Vous achetez un appartement et, en visitant, vous constatez une grande glace scellée sur la boiserie du salon (le parquet et la boiserie forment un ensemble) et une statue posée dans une niche taillée pour elle. Selon l’article 525, la glace et la statue sont réputées faire partie de l’immeuble : elles restent avec l’appartement au moment de la vente (sauf convention contraire entre acheteur et vendeur). En revanche, si un locataire avait juste posé un meuble étagère vissé qui peut être enlevé sans détériorer le mur, celui-ci reste meuble et peut être emporté.
- Principe : un objet mobile fixé de façon permanente au fonds est « censé » en rester indissociable et devient ainsi réputé faire partie de l’immeuble.
- Modes de fixation visés : scellé au plâtre, à la chaux, au ciment ou toute fixation rendant le détachement impossible sans fracture ou détérioration.
- Conséquence pratique : ces objets suivent le sort de l’immeuble (vente, gage immobilier, succession), sauf accord contraire.
- Glaces/miroirs : présumés immeubles quand le parquet sur lequel elles sont attachées fait corps avec la boiserie.

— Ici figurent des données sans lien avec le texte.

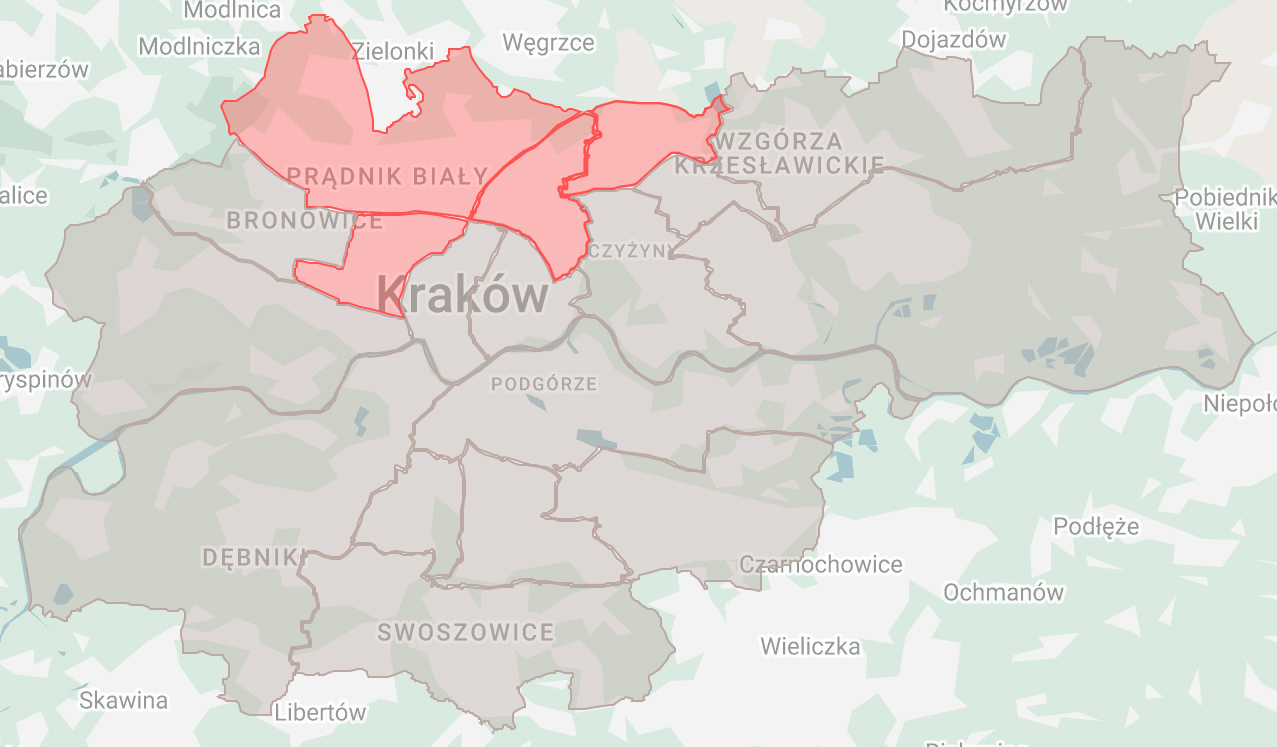 Mapa z zasięgiem obsługiwanych firmy z dzielnic Krowodrzy, Mistrzejowic, Prądnika Białego i Prądnika Czerwonego.
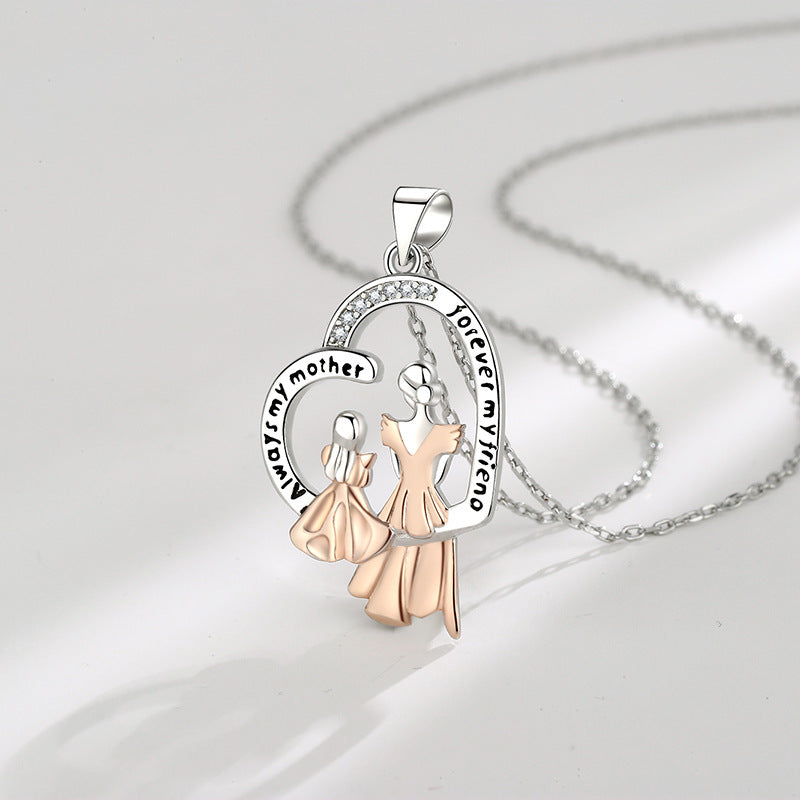 Wholesale Mother's Day Creative Mother Daughter Diamond Inlaid Copper Necklace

- Tableaux et ornements : mêmes présomptions que pour les glaces lorsque l’intégration matérielle est comparable.
- Statues : réputées immeubles si elles sont placées dans une niche pratiquée exprès, même si on peut les enlever sans les casser.
- Nature de la règle : il s’agit d’une présomption légale (‘sont censés’) qui facilite la qualification mais peut, le cas échéant, être discutée par la preuve contraire.
- Importance pratique : utile pour ventes immobilières, conflits locatifs, partage ou hypothèque — il faut vérifier ce qui est fixé au bien avant toute transaction.